Coach Inc. can’t seem to get it all right. According to Bloomberg News, the luxury brand rejoiced as its profits exceed expectations, but this breath of relief was followed by a gasp for air – and another, and another.
The Business of Fashion reported that sales declined just over seven percent this past quarter, which marks the fourth regression in a row. “The fourth quarter capped a challenging year for the company, most notably in the North America women’s bag and accessory business,” said Chief Executive Officer Victor Luis, according to The Independent.

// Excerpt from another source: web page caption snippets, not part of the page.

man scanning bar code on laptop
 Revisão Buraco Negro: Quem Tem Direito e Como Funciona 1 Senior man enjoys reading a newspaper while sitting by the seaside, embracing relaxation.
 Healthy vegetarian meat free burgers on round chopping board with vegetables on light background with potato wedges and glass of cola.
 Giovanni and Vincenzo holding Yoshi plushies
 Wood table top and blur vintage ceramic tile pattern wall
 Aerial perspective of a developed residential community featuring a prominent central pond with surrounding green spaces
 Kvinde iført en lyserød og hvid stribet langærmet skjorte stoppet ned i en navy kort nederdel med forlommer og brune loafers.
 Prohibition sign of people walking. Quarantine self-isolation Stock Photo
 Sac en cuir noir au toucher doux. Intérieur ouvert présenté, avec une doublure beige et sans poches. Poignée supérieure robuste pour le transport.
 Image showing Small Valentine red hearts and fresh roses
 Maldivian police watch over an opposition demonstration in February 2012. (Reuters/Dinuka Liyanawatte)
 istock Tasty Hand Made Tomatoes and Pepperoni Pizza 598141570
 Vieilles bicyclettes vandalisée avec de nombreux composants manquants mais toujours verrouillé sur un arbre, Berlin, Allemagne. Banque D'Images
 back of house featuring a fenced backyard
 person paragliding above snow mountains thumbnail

The root of this downfall is accredited to the decision to open up discount outlet stores throughout the United States. As a result, customers had access to these luxury handbags at much cheaper prices, which caused the company to lose business and prestige.
This error “is a pretty classic case of brand mismanagement,” said Steven Dennis, founder of SageBerry Consulting LLC, according to The Business of Fashion. “They allowed themselves to lose focus. They made a lot of mistakes in the business. They have tarnished the brand.”
Luis has remained surprisingly positive throughout this setback, however, pointing out the positives of the company’s journey. He discussed how Chinese sales reached more than $500 million and how menswear exceeded $700 million for the year.
In order to keep the high-end business alive, Luis plans to close approximately 70 stores, open or refashion full-priced stores in desirable markets, eliminate 150 jobs and diminish the regularity of discount prices, according to The Business of Fashion.
Coach may have made a detrimental mistake, but this 73-year-old designer brand won’t let the past mirror the outlook of its future. Still in charge of 23 percent of the U.S. handbag industry, this company has no doubt it will survive and advance.